* **Task directions**
Please restate exactly what appears in the records below from the first line to the line where "Kedera Women's Striped" is, that line included.

(Short text fragments from websites)
☆ ☆ ☆ ☆ ☆ ☆ ☆

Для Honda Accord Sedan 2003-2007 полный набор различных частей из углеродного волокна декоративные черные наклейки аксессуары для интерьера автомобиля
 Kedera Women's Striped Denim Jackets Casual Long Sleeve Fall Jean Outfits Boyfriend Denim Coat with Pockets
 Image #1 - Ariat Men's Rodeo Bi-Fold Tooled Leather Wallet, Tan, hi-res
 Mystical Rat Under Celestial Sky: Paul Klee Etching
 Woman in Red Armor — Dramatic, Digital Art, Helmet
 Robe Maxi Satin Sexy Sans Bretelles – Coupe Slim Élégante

☆ ☆ ☆ ☆ ☆ ☆ ☆

* **Reply**
Для Honda Accord Sedan 2003-2007 полный набор различных частей из углеродного волокна декоративные черные наклейки аксессуары для интерьера автомобиля
 Kedera Women's Striped Denim Jackets Casual Long Sleeve Fall Jean Outfits Boyfriend Denim Coat with Pockets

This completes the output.